[Web page caption snippets]

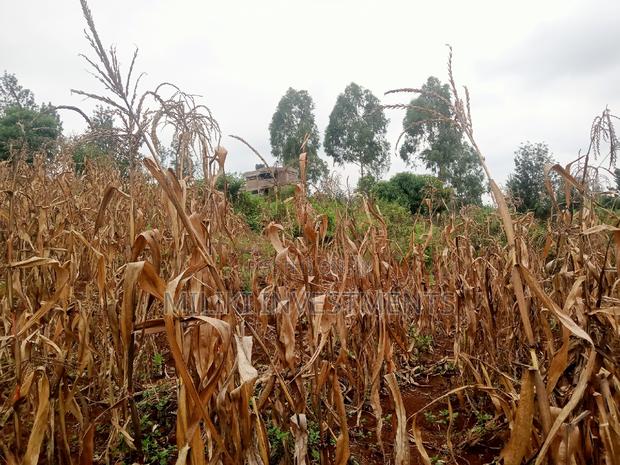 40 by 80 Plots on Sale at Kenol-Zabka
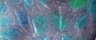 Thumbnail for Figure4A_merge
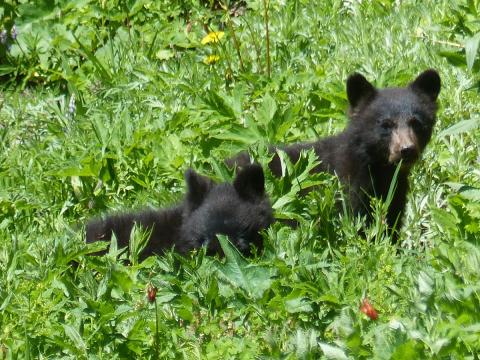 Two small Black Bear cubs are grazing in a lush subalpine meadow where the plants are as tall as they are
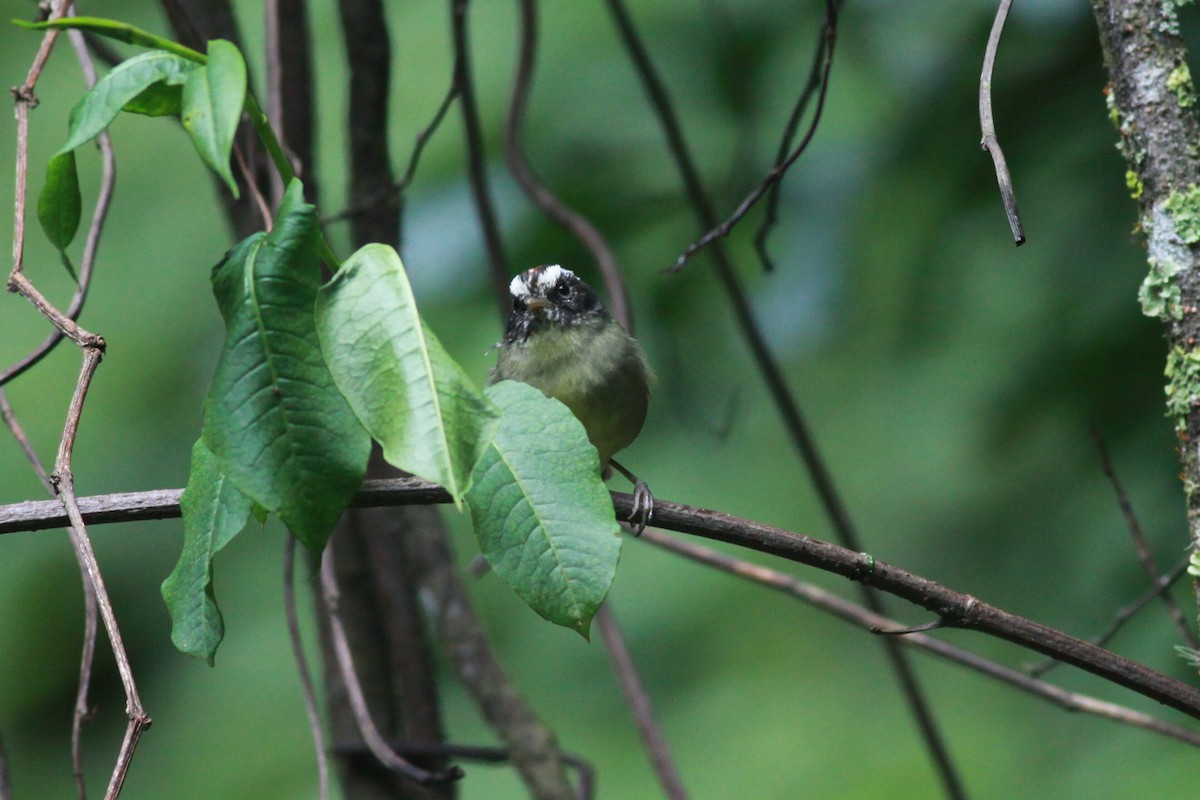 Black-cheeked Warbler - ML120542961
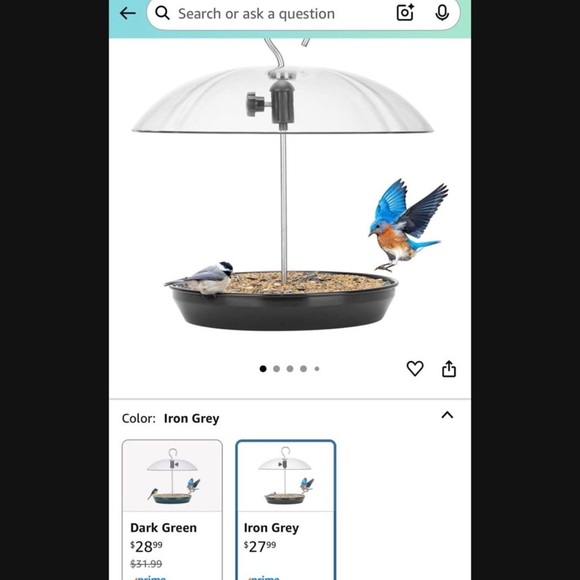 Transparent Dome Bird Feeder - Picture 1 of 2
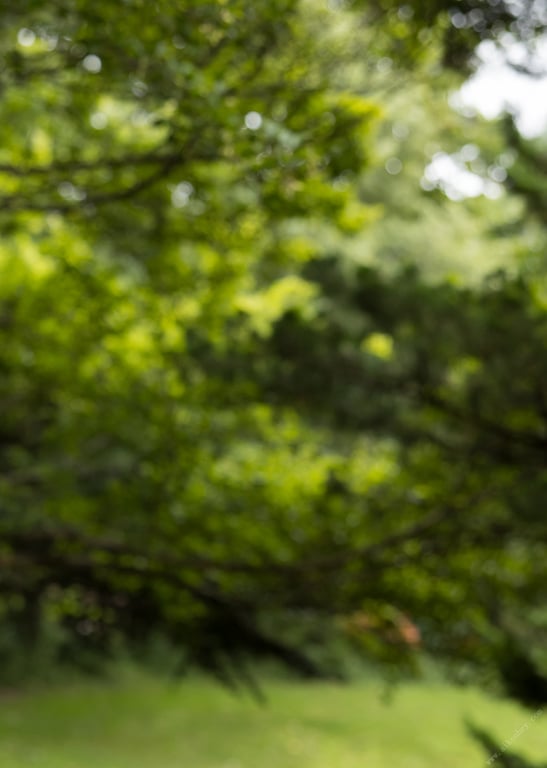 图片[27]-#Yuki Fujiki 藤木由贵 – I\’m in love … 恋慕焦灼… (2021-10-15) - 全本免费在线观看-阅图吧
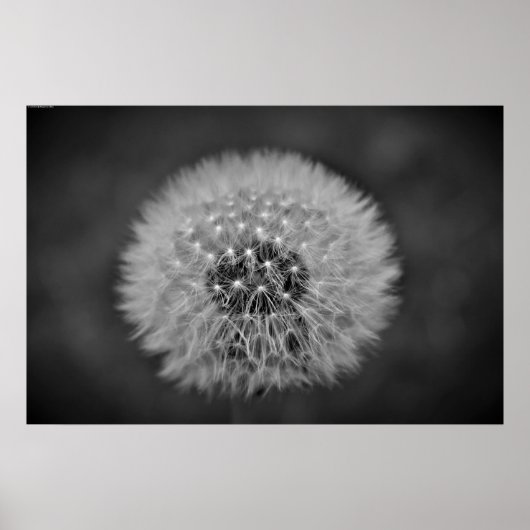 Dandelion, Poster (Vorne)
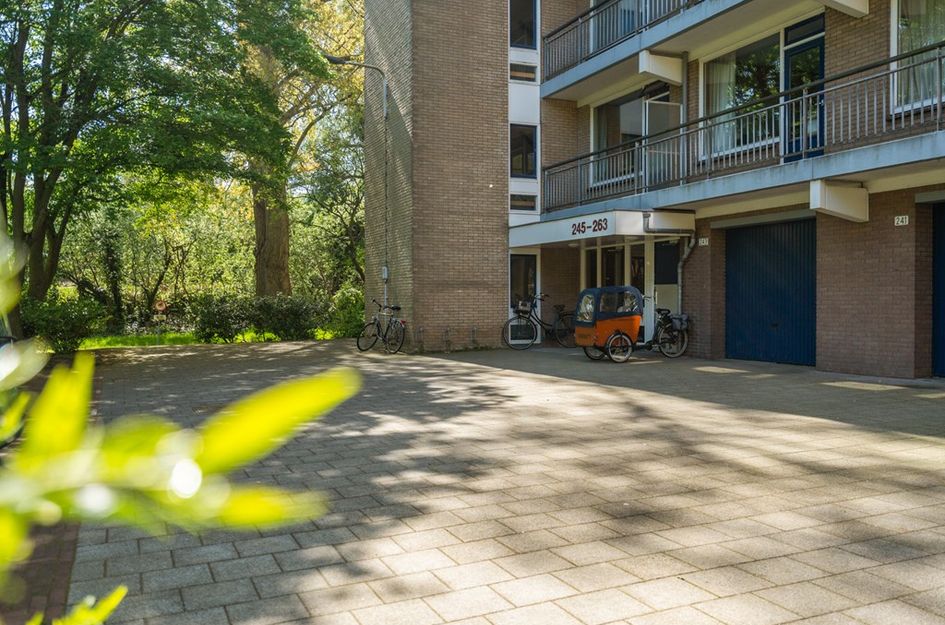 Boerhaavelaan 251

» Exercise brief: Copy the final stretch of the entries exactly: the line containing "Black-cheeked Warbler - ML120542961" and every line after it through the last. Include no pictures and nothing more.

» Written answer:
 Black-cheeked Warbler - ML120542961
 Transparent Dome Bird Feeder - Picture 1 of 2
 图片[27]-#Yuki Fujiki 藤木由贵 – I\’m in love … 恋慕焦灼… (2021-10-15) - 全本免费在线观看-阅图吧
 Dandelion, Poster (Vorne)
 Boerhaavelaan 251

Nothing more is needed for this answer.